Search Corbin's Blog

Monday, February 9, 2015

ATTORNEY FEES GRANTED: NO REQUIREMENT THAT PARTY PREVAIL

Mom and Dad have an autistic child. Mom moves to Washington. They stipulate to a visitation schedule between Dad in Montana and Mom in Washington. Mom is primary residential parent. They divorce on February 25, 2012. They make some informal changes to the plan.

7 months later, on September 26, 2012, Dad files motion to modify the parenting plan and to make himself primary residential parent claiming Mom had failed to place child in speech therapy.

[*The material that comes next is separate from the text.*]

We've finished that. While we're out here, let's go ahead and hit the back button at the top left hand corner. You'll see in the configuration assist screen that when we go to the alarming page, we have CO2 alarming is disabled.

Mom responds: 1) change jurisdiction to Washington; 2) modify the plan to say what they had been doing informally but leaving primary residential care with her; and 3) she requests reimbursement of her attorney fees.

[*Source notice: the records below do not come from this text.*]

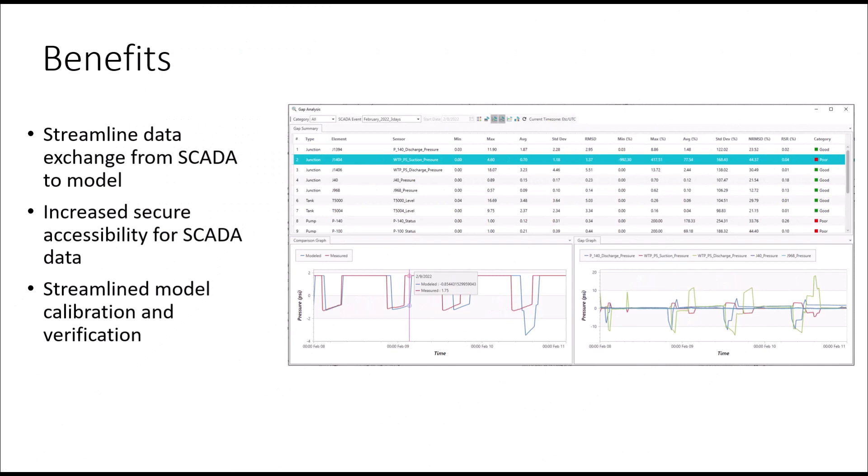Now that we've gone through the workflows, I hope you can see some of the benefits of leveraging your live data with your hydraulic model, being able to streamline that data exchange, having the live data being brought into the model for use, increased but also secure accessibility for that SCADA data, as well as aiding in model calibration and verification. We look forward to seeing you on the next Waterdrops.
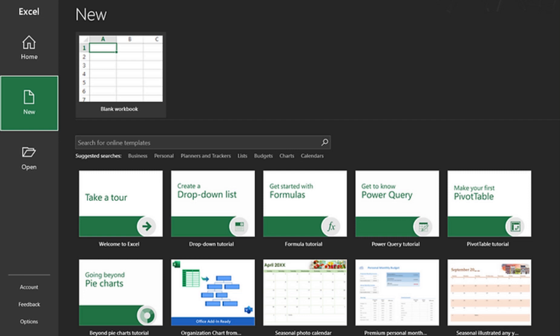Hi everybody, welcome back to the channel. I'm thrilled to have you here today. In today's video, we'll be diving into the process of converting a JSON file to Excel. It's a handy skill to have, especially when you need to work with JSON data in spreadsheet format. So let's get started.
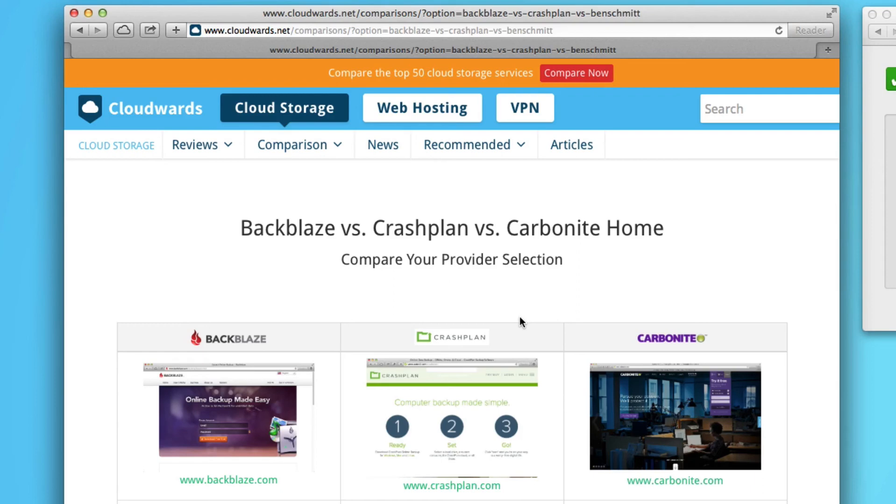Okay, so that hopefully answers the question whether or not Backblaze is usable from the UK. And if you like this video, give it your thumbs up and share it on your social networks,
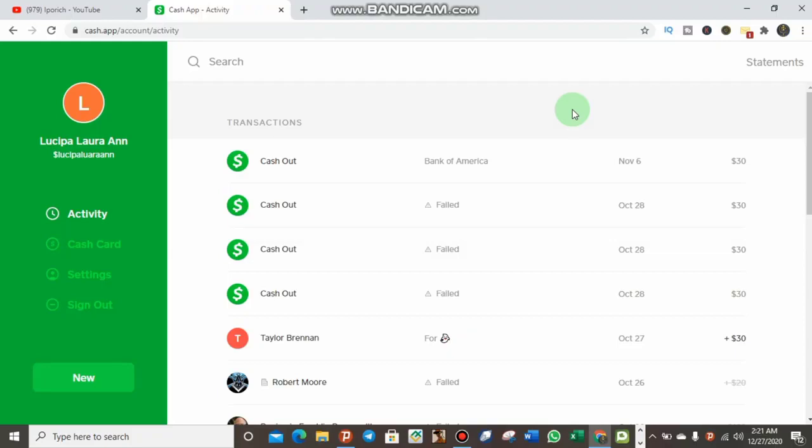This can be done on mobile phone much more easily than laptop, but I'm doing this on laptop so you can see it better. After you've logged into Cash App on your mobile phone, you have to click on the Settings.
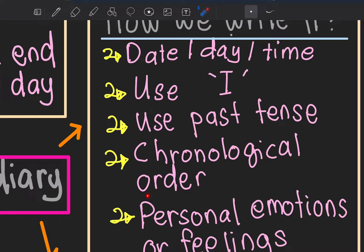Chronological order — maksudnya ikut susunan. For example, you woke up in the morning, went to school, then met a new friend. So you start the diary by writing: 'Today I'm so happy to go to school because I met a new friend.' You must follow the chronology of what happened first.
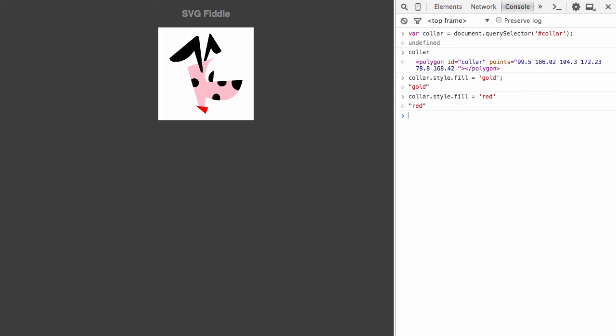So, if this was your first look at SVG, hopefully it's now been demystified a bit. In our next video, we'll look at some basic shapes and primitives you can create in SVG.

7 months after that, on April 26, 2013 the trial court conducts its hearing. Dad partly withdraws his motion for primary switch but requests more speech therapy for child and makeup visitations. Trial court takes a recess because it is apparent Dad has not talked about this with Mom. They confer, but are unable to agree as to all issues.

The trial court 1) denied Mom's change of jurisdiction to Washington; 2) granted Dad's request to require Mom to set up makeup visits for Dad; 3) denied Dad's request for additional speech therapy; and 4) granted Mom's request for attorney fee reimbursement. The trial court ultimately awards Mom $10,359 after separate hearing on reasonableness. Mom's attorney presented expert testimony from another family lawyer that these fees were reasonable.

Dad appeals. Affirmed.

Dad claimed that each party had won some and lost some, so there was no "prevailing" or winning party. He argued that Section 40-4-110 MCA refers to "marital" resources and that it did not apply here. The Supreme Court found that 40-4-110 applies to all of the various chapters of Title 40. The Court noted that previous cases had denied attorney fee awards when there was no prevailing party, per se, but those cases involved the interpretation of settlement agreement paragraphs that specifically referenced the "prevailing party," and were not based on an interpretation of 40-4-110. Here's the critical quotation:

"¶13 It is also important to note that § 40-4-110 does not require a party to prevail to receive attorney's fees. Under § 40-4-110, "attorney fees are based on the respective financial resources of the parties and not based on which party prevailed." In re Marriage of Brownell, 263 Mont. at 85, 865 P.2d at 311. Instead, the district court judge examines what is reasonable in light of each party's circumstances. Awarding Crissy attorney's fees was not unreasonable when Jim changed his position on his motion after eight months and caused the parties to expend considerable expenses to resolve an issue that may have been resolved through direct discussion or mediation."